My customer is a team of one, which means that by the Scrum Guide he can’t be “doing Scrum”. Whatever. Scrum still has a lot to offer in his situation.

"Same procedure as every year, James."
My sächsische (Saxon) friends introduced me to the traditional New Year’s programme Dinner for One, in which elderly Miss Sophie’s loyal manservant James, due to personnel constraints, must attend to every detail of her 90th birthday party himself.
Last month, I visited a customer to perform NWC’s first official Scrum Health Check, a new offering I stole adapted from my colleague Martin’s blog post (“Are you doing Scrum? Really?“). I sent lots of advance-prep materials and brought a beautifully-crafted checklist that I planned to use to determine their Scrum baseline. But all that went out the window when I arrived onsite and found that my customer was a Scrum Team of One!

And then I tripped over a tiger
Me: First question. Do you have Development Team(s) of 6±3?
Customer: Um, no. There’s one other guy, sometimes, but we had this re-org and he reports to another manager now so… yeah, it’s pretty much just me.
Me: All righty! Our Scrum Health Check is finished. You are not doing Scrum. Now, let’s talk about how you can use Scrum to make your… er, team… most effective in your situation.
And that’s what I’m about with Scrum.
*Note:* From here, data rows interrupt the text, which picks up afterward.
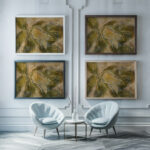 Magnolia Bud 1937 Christian Rohlfs framed posters mockup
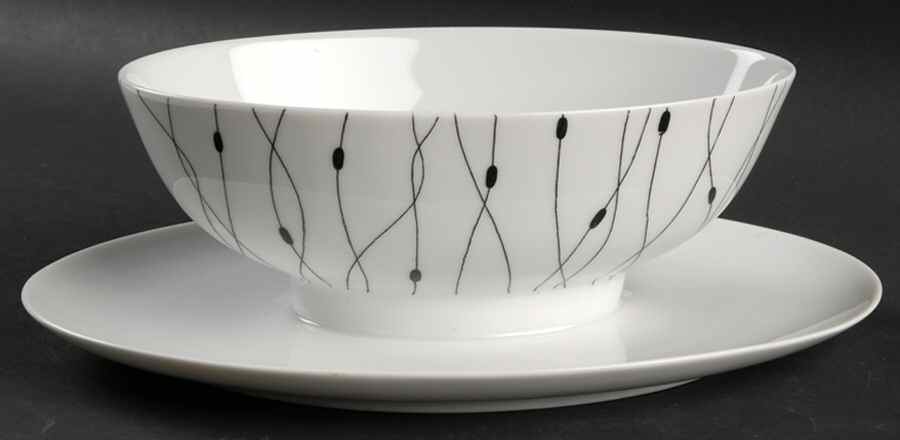 Fadenspiel Gravy Boat with Attached Underplate by Rosenthal - Continental-1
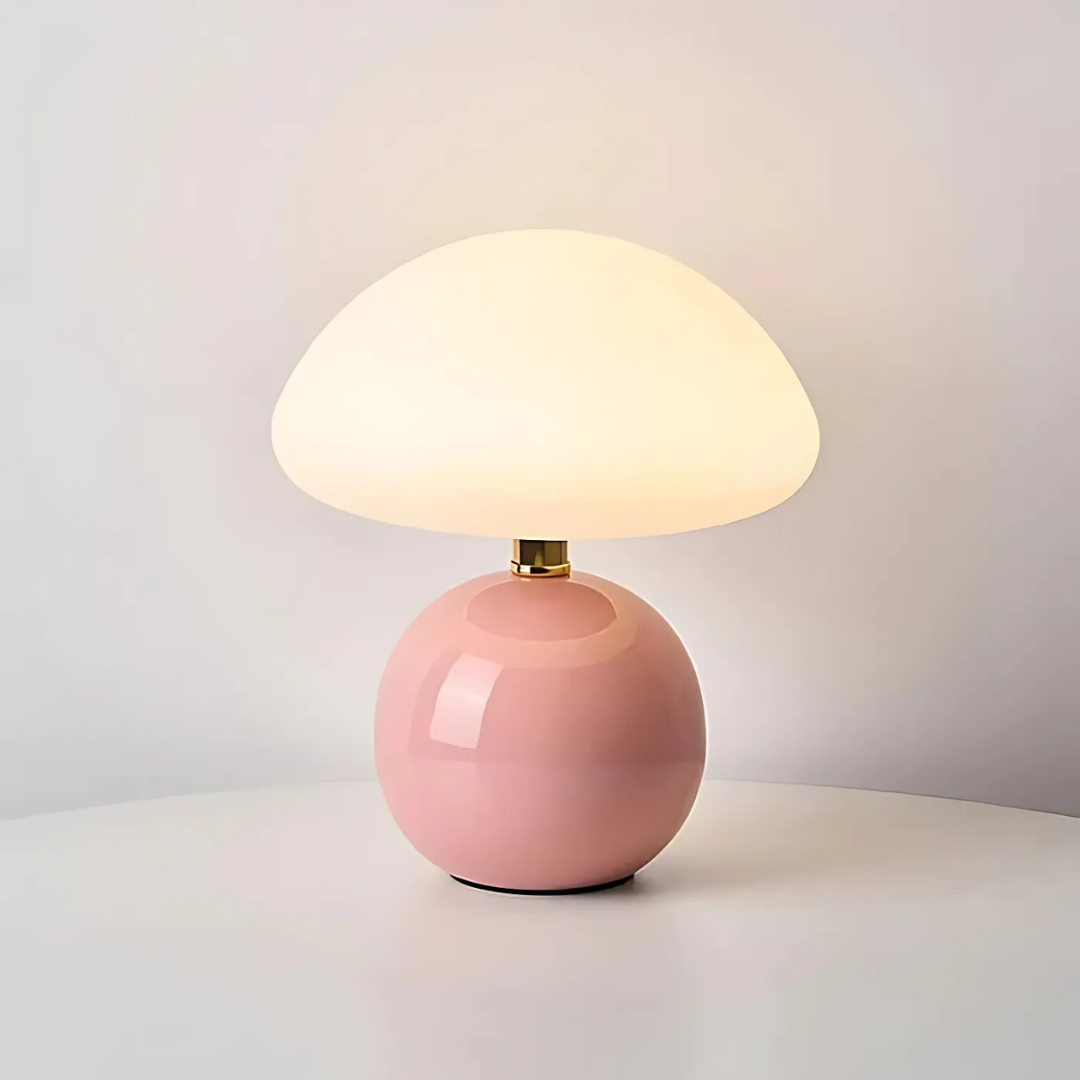 Solina – Lámpara de Mesa LED en Forma de Seta con Estilo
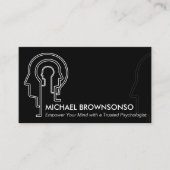 Silhouet-ontwerp met tussensluitend hoofd visitekaartje (Voorkant)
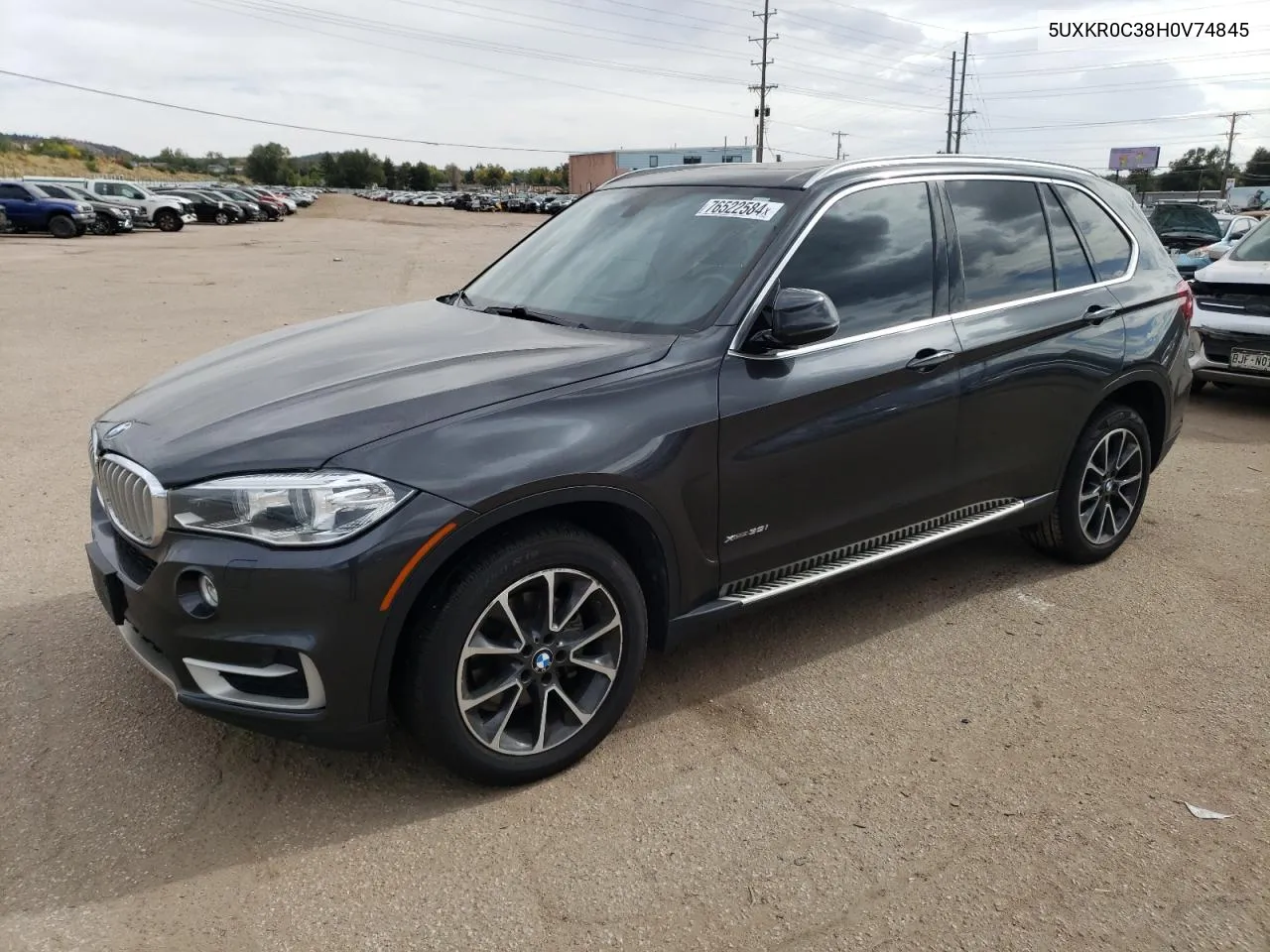 2017 BMW X5 xDrive35I VIN: 5UXKR0C38H0V74845 Lot: 76522584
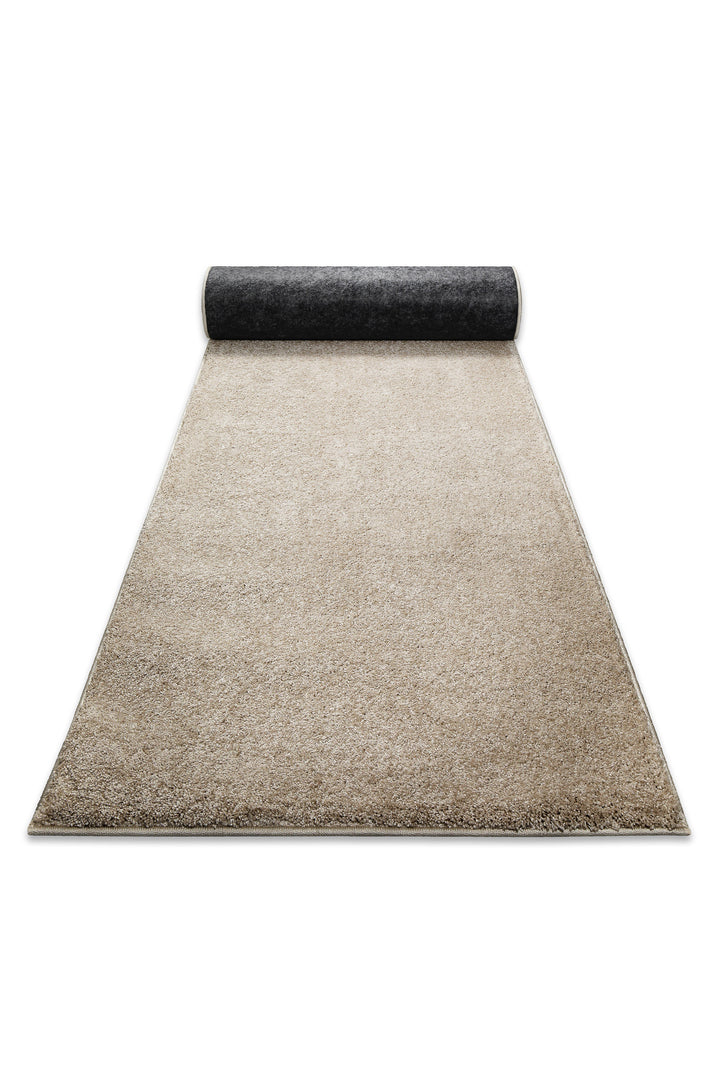 Manta Teppich sand beige Hochflor rechteckig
Instead of throwing the entire Scrum Guide out the window, we kept it around and talked all day about the other Scrum practices my customer could use: in particular, we identified an ordered backlog and proper structure and focus for the biweekly Sprint Planning and Reviews/Retrospectives, to provide transparency and improve management buy-in. These were his most urgent needs and we both agreed that Scrum could help—that’s why he picked it in the first place!

"Well, I'll do my very best!"
I consider myself fortunate to have arrived on the Scrum consulting scene right at the time when Scrum is making changes to become less rigid, less religious, and more widely useful (without diluting the structure that makes it so effective). It would be a stupid waste (for all of us) to turn my customer away from Scrum just because he isn’t canon.